Cayley-Hamilton theorem on square matrices
There are many, many ways to prove the Cayley-Hamilton theorem, and many of them have something to offer in the way of simplicity, generality, or of providing insight into why such a result could be expected to hold in the first place.

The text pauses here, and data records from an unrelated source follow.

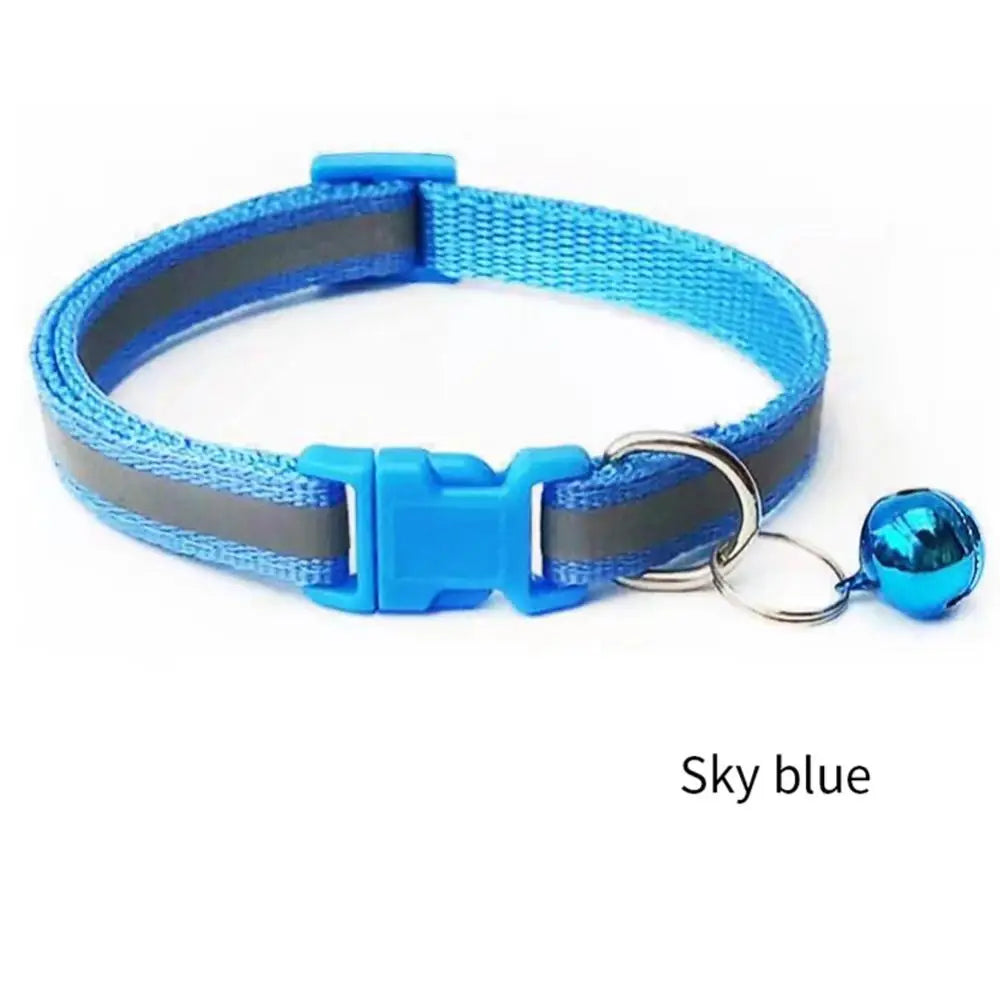 Reflective Breakaway Cat Collar Neck Ring Necklace Bell Pet Supplies Safety Elastic Adjustable Reflective Collar Pet Products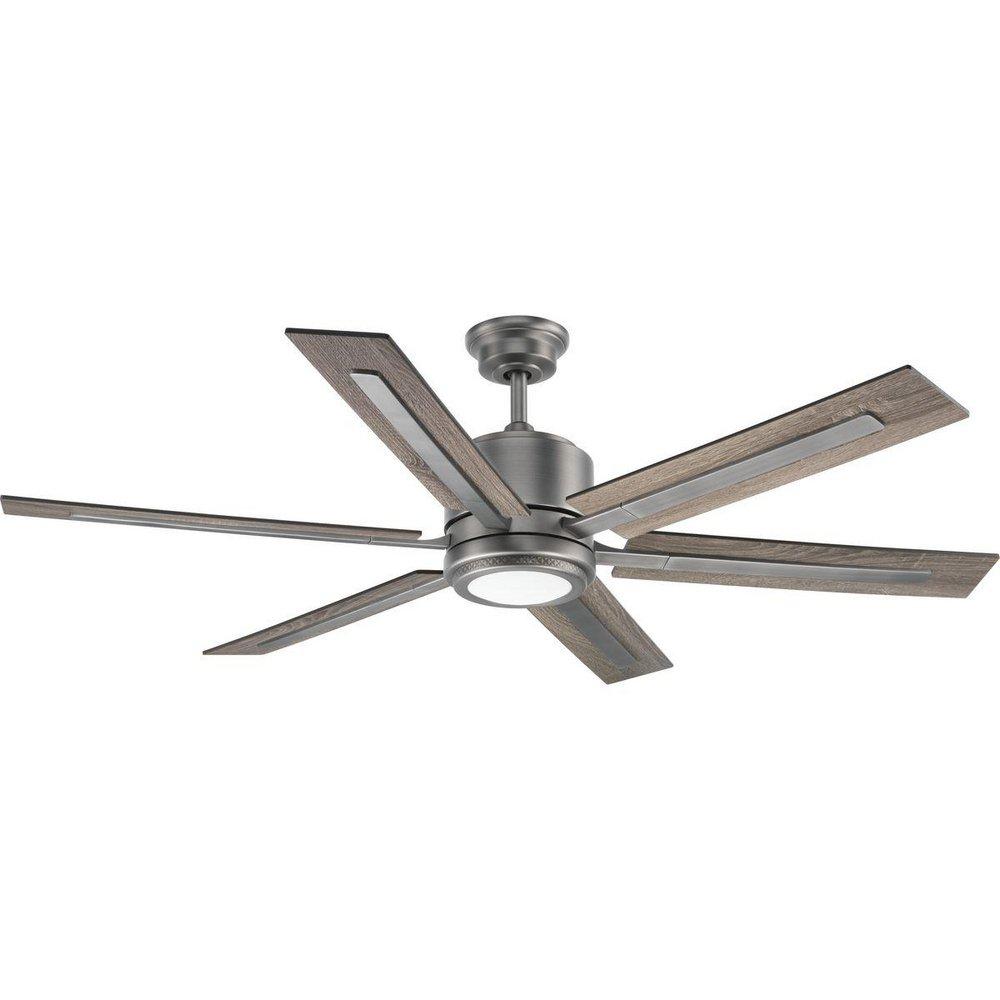 Progress Lighting Glandon 17-1/8 in. 6-Blade Ceiling Fan with LED Light in Antique Nickel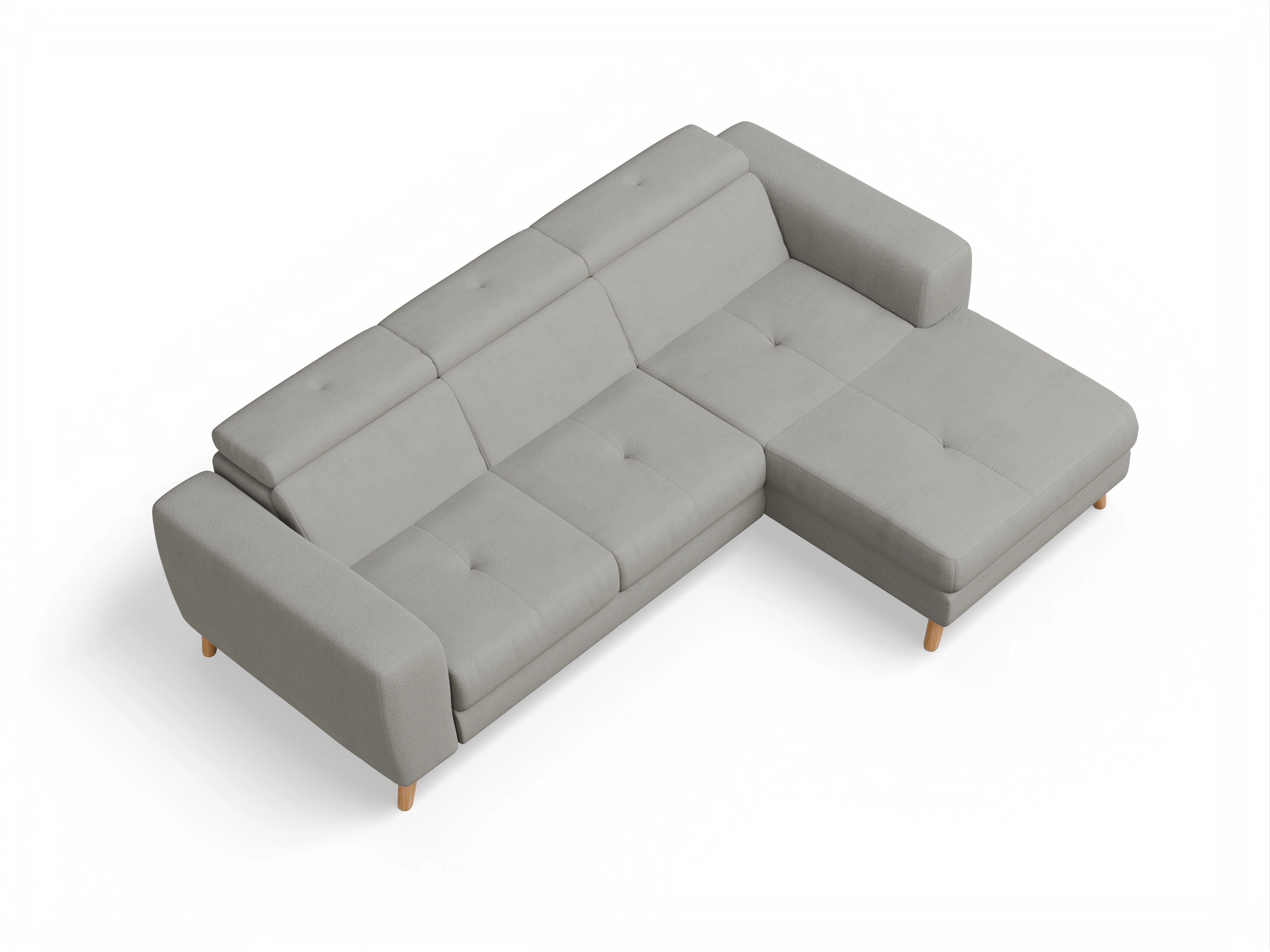 Ansicht des Produktes Capua Ecksofa rechts Abschluss offen in Stoff Grau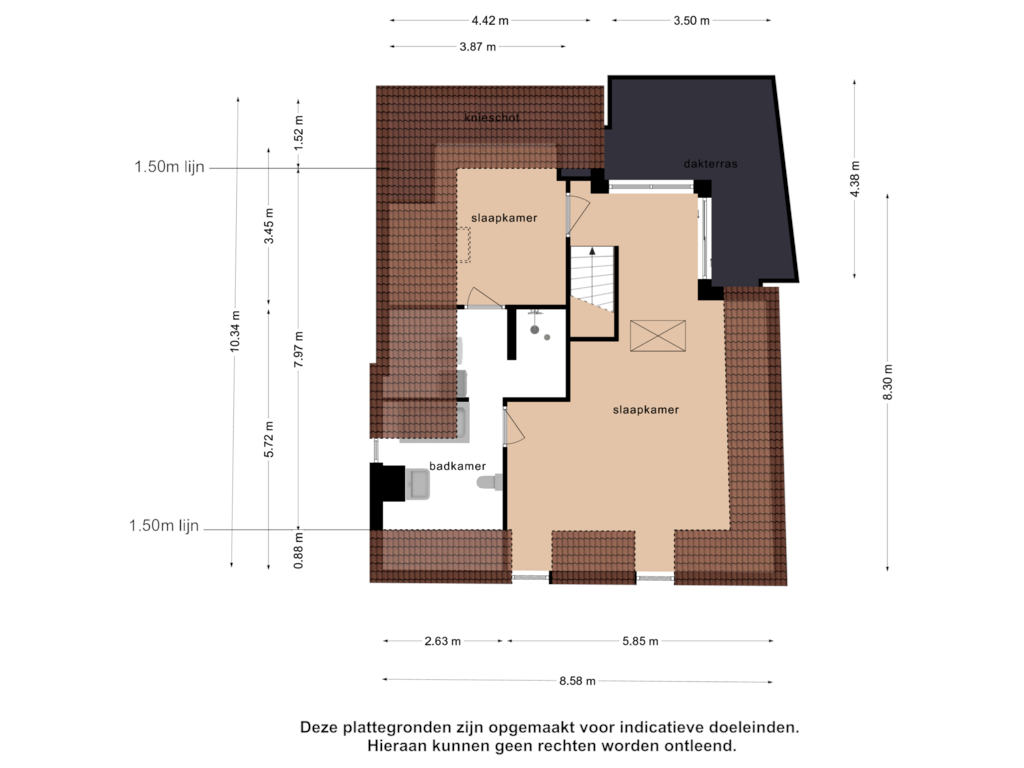 Bekijk plattegrond van 2e verdieping van Prinsen Bolwerk 70-RD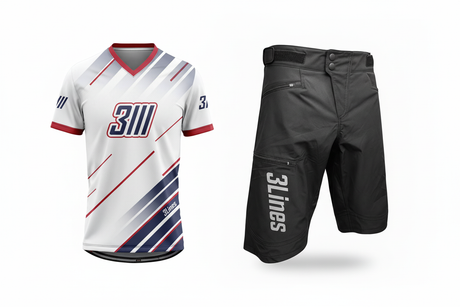 סט מכנס וחולצה Enduro לבן/שחור - Three Lines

For instance the case of distinct eigenvalues you could prove can be seen to suffice, once one realises that $p_{A}(A)=0\in\mathrm{Mat}_n(\mathbf C)$ is just a (tremendously complicated) system of $n^2$ polynomial equations in the coefficients of $A$, each of which will hold everywhere once it holds on the dense subset of matrices with $n$ distinct eigenvalues.
Personally I find the following approach leads most naturally to the Cayley-Hamilton theorem, i.e., it emerges quite logically from general considerations that are anyway central to eigenvalue problems, rather than being a claim coming out of the blue.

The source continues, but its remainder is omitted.